Yenigün Gazetesi
Erkal Etçioğlu
HORTUM EKONOMİSİNİN EVRİMİ
Hortum ekonomisi denilen olayı hep birlikte geçmiş hükümetler devrinde yaşadık.Bankaların sahiplerinin halkın paralarını nasıl iç ettiğine hep birlikte şahit olduk.Adeta hortumlanan bu paraları halk yine cebinden ödedi.Meşhur bankalar krizi yine o dönem patladı.Bir çok banka sahibi yargılandı.Bir çoğu mahkum oldu.Bir çok bankaya TMSF el koydu.
Batan bankalar ile hisse senetlerini önce yurt dışındaki dindar vatandaşlarımıza satıp sonra zarar ettik diyerek fiilen batan bir sürü holding bu hortumlama döneminin aktörleri oldular. Hatta batan bankalardan bazılarının yönetim kurullarında yer alan bazı eski paşalar bile dönemin siyasi ortamı nedeni ile hesap vermeden işin içinden sıyrıldılar. O zamanın ANAP,MHP,DSP koalisyon hükümeti Kemal Derviş’e bir istikrar paketi hazırlatarak hızla uygulamaya koydu.Nitekim aynı istikrar programına AKP hükümetleri de devam etti.
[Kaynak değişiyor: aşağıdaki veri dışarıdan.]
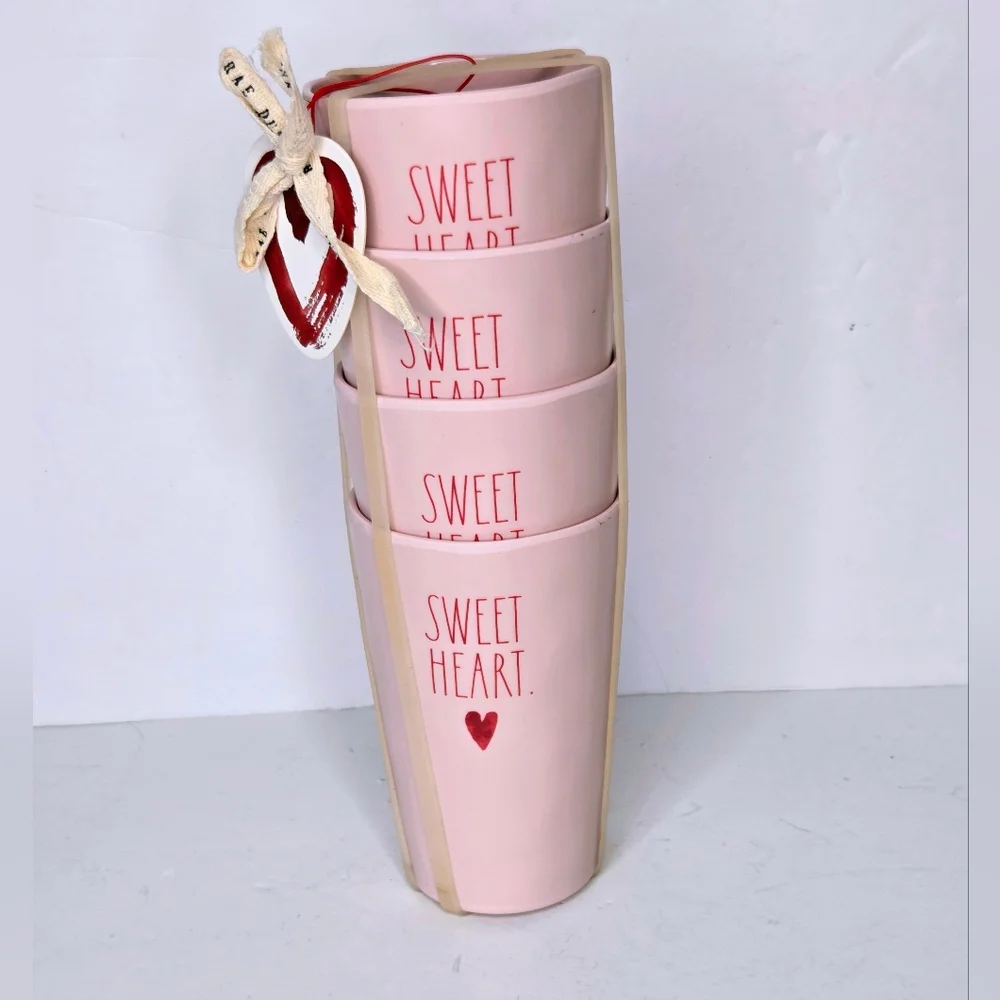 Rae Dunn Pink Sweetheart Melamine Valentine's Day Drinking Cups Set Of 4‎ NWT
Ancak bu durum; sonradan birileri tarafından adeta eskiyi aratacak şekilde değiştirildi.Eski dönem hortum ekonomisi konuyu inceleyen birilerine ilham vermiş olacak ki bu sefer küresel ölçekteki hortumlarını Türkiye üzerine uzattılar.Küresel sermeyenin yerli işbirlikçileri ellerindeki yetki güçlerinin kullanarak bu küresel hortumculara sayısız ekonomik sömürü fırsatlarını sunuyorlar.Üstelik bu girişimlerini Türkiye’nin hayrına gibi göstererek yapıyorlar.
Küresel hortumcular ve yerli işbirlikçilerinin son yıllarda ülkemizde uyguladıkları hortum yöntemlerini söyle sıralayabiliriz;
1-Borsalara Sıcak Para Sokarak; Türkiye’deki borsalardaki sıcak para miktarı 97 milyar dolardır.Yüksek kâr oranları ile hızlı giriş çıkış ve spekülasyon teknikleri kullanarak. Ekonominin bozulması durumunda Türkiye’nin döviz stokları bu parayı ödemeye yetmemektedir.
2-Bankalara Dış Fonlar Sağlayarak;Özellikle tüketim ekonomisini körükleyerek esnaf ve maaşlı kesime kredi kartları ve bireysel kredi kullandırarak yüksek kârları yurt dışına transfer ederek. Bankalar şu anda ülkemizin en çok kâr eden kuruluşlarıdır.Çoğunun sahibi yabancı sermayedarlardır.
3-Özelleştirme yolu ile kârlı kamu şirketlerini ve bankalarını satın alarak.Gerekirse Danıştay gibi karşı çıkacak yargı mekanizmalarını devre dışı bırakacak eylemleri destekleyerek. Türk Telekom,Petkim, Cep Telefonu ve İnternet sağlayıcı şirketler, v.s
4-Kıymetli maden,arazi ve özel sektör fabrikalarını yerli işbirlikçilerini kullanarak satın alarak. Gerekirse mütekabiliyet esasına aldırmadan yasaları değiştirerek.
5-Ülkenin görsel ve yazılı medya kuruluşlarını kamu oyununun yanıltılması ve siyasette etkili olmak amacı ile satın alarak.
Etrafınıza dikkatlice bakın.Hortum ekonomisinin yerel ve genel ekonomi de halâ devam ettiğini göreceksiniz.Üstelik sırtımızdaki kamburların artık evrim geçirdiğini ve küresel sermaye ile bütünleştiğini ve sistemin küresel çapta bir hortum ekonomisine dönüştüğünü fark edeceksiniz.Maalesef bu düzenin en sağdan en sola kadar kendisine tetikçi bulmakta da hiç zorlanmadığını da kavrayarak adeta bu işe alet olanlara lanet edeceksiniz.